A book of four books
A book of four books, a time of turbulence, a world to be jarred between two wars: one bloody blow had already sunk, another looming. But this is a different battlefield, where the Great Ship of finance rocked, and then wrecked, made mountains of money for a few, lost and purged for all others.
In the invisible center of all, stood a tycoon (Andrew) and his wife (Mildred). Their stories were told and retold, altogether four times.

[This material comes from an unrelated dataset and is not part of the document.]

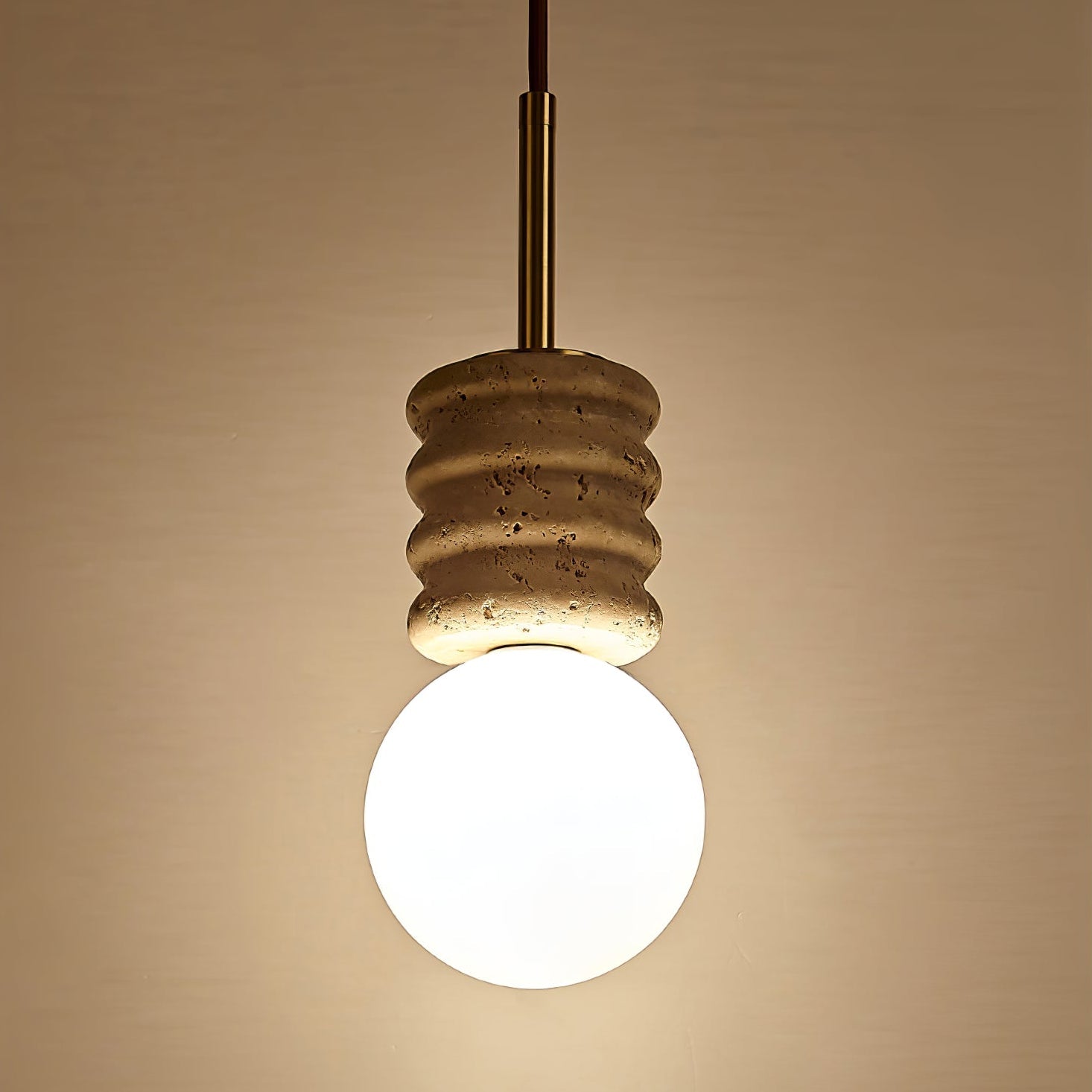 Suspension moderne Herman en Travertin jaune et blanc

It begins with a novel: “Bonds” by Vanner where Andrew and Mildred are the actors. To which Andrew declared a war right after (the autobiography “My Life”, him and Ida the ghostwriter). There and elsewhere, he welded his power to bend reality to (his) fiction. Mildred, who came the last, fills a diary with sporadic sparks and slanted inks; words were bell tolls with wings to chase one another, but left in between unsung gaps too wide and often too dark. She calls her version (the 4th book), fittingly, “Futures”. Ida had skewed access to the stories of all three, developed her own penetrating ideas (the 3rd book “A memoir, Remembered”). Yet it is not to be done in one scoop; the coda came some fifty years later.
Trust, Bonds, Futures: instruments in the world of finance, the most treasured in the world of men and women. In the book of four books, words wore different masks.
Oddities like Andrew and Mildred, in my line of work, are called “out of distribution samples.” They are owners and makers of outsized stories, so out of proportion that the sense of mystery arises because no one ordinary lens can cover them all. So, the question becomes, which versions in “Trust” do we trust?
Of the central characters, it’s Mildred that I found the most mysterious. Marginalizing her to the norms of the time says much more about the ugliness of Andrew than of Mildred; this is almost by definition. Then I cannot decide which one is more cruel: the lone genius that succumbs to mental illness but nevertheless beamed out rays of kindness and warmth (by Vanner), or the lone genius that doesn’t seem to care much of anything, other than edgy art and artifacts, including the financial devices she so deftly used (her diary). What, exactly, took her life? Mystery remains.
Then there are the two writers. Vanner left no trace, before and after the novel; Andrew had made sure of that. It’s the existence of this single novel that he cannot tolerate and has to battle upfront (and this is what Ida is hired for). Ida is sensible, clever, and brave. The Mildred by Vanner and Ida of herself share a warm and touching undercurrent of father-daughter, played out twice. So the stories will fold forward; generation after generation.
Amazing amount of complexity so masterfully controlled, and only his second book!